Prime Minister Allen Chastanet, who was on hand to receive EC$4.7 million for the second phase of the programme for 2017 from Taiwan’s Ambassador Douglas Shen on Wednesday, said that moving forward the concentration must be on the overall economic environment of the constituencies, pointing to the development under consideration for the Banannes community in Castries South as an example.
This is not the first time the Prime Minister has spoken in that vein; however, this time around, he seems determined to spread the funds on non-traditional projects.
But the opposition St. Lucia labour Party (SLP), which won 6 of the 17 constituencies in the last general elections, is not happy with the Prime Minister and his apparent refusal to include them in the Constituency Development Programme (CDP).
“We see things happening in our constituencies and we are told by the residents that these works are being financed by the Constituency Development Programme, but we know nothing about it,” said Opposition Leader Philip J Pierre.
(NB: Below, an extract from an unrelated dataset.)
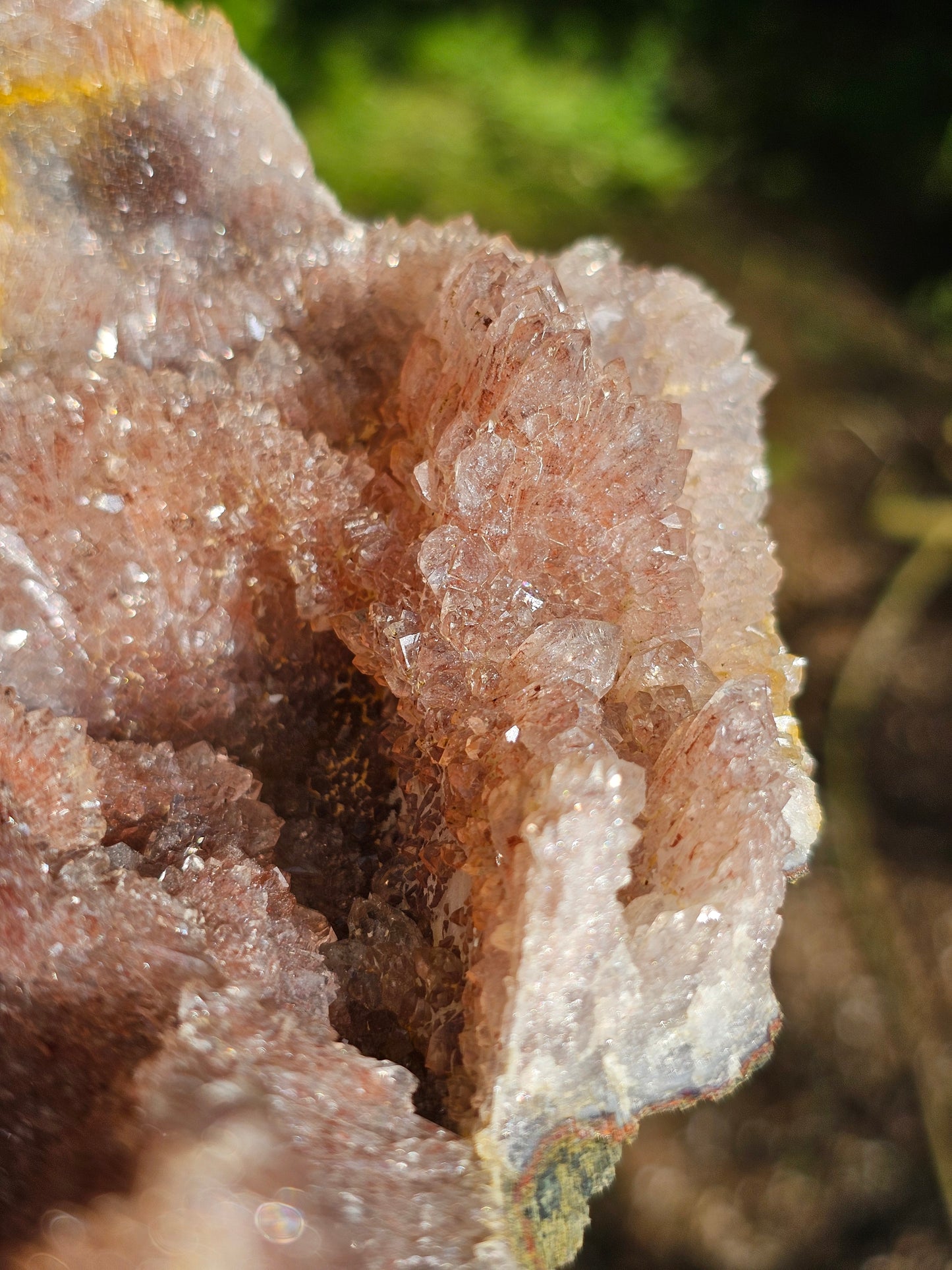 Superbe Géode d'Améthyste et Quartz hématoïde du Maroc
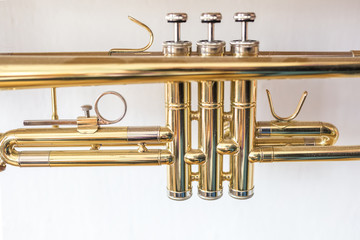 Wind musical instrument brass trumpet with pump screws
Pierre called on the government to at least inform the opposition as to what is happening with the funding given by the Taiwanese for the development of the constituencies. According to him, the money was given for the development of 17 constituencies and not for the 11 that the United Workers Party won in the last general elections.
He said this was not the first plea made by the opposition to government calling for information sharing regarding the CDP: “We have been ignored as usual.”
However, Ambassador Shen was above the wrangling of the two political rivals when he presented the cheque to the government.
“It is my great pleasure to attend this funding ceremony for the phase two project of the 2017/2018 Constituency Development Programme. As we know, global warming and climate change affect all of mankind and the sustainability of the world we inhabit. Especially Caribbean countries have suffered enormous economic losses from hurricanes in recent years. It shows that global climate change poses serious threat to the infrastructure in the island nations,” Shen said.
He added: “It is imperative to ensure the safety of Saint Lucian people and their property with a strengthened infrastructure system. That is why the government of Taiwan and the government of Saint Lucia have worked together on the Constituency Development Programme (CDP) since the two countries resumed diplomatic relations in 2007.”
Ambassador Shen seemed more than happy to reveal that through the programme over 2,000 projects had been completed, creating more than 20,000 jobs in the process, all in an effort to enhance the infrastructure of various communities all over the island.
“The works, such as flood mitigation, drainage, soil stabilization facility, pedestrian footpaths and community access roads are aiming to build a sustainable and comfortable living environment for Saint Lucians,” he said.
“I believe that through our joint efforts in this meaningful programme, it will continue to enhance the safety environment for the local residents and bring benefits to the communities. In conclusion, I want to reiterate that Taiwan will always work together with the Saint Lucia government for making a better life for the people of Saint Lucia.”
The Prime Minister was humble in his response to Shen, saying it was difficult to put in words how meaningful the CDP has been for St. Lucia: “One does not have to travel too far to see the amount of footpaths, the drainage programmes and the roads, and to see the overall impact of the project.
“To say it (CDP) has made a significant impact on our economy and in the well-being of St. Lucians is an understatement and I am not sure if there are sufficient words to express our gratitude to Taiwan.
“Therefore, it makes this contribution even more meaningful and we should never lose sight of the fact that Taiwan could have put that money elsewhere. We want to say how grateful we are for your continuing support in the development of St. Lucia.”
Government, Chastanet said, inherited a difficult situation, in that a lot of the funds it received in 2017 had already been allocated and government was almost playing a catch-up game. With respect to funds just received, he said they have already been allocated to pay off and finish projects that have already commenced.
“In moving forward, we are really looking at moving the entire aid package that we received from Taiwan. The days of just doing the footpaths (are over) now we need to be concentrated on improving the overall economic environment,” he said.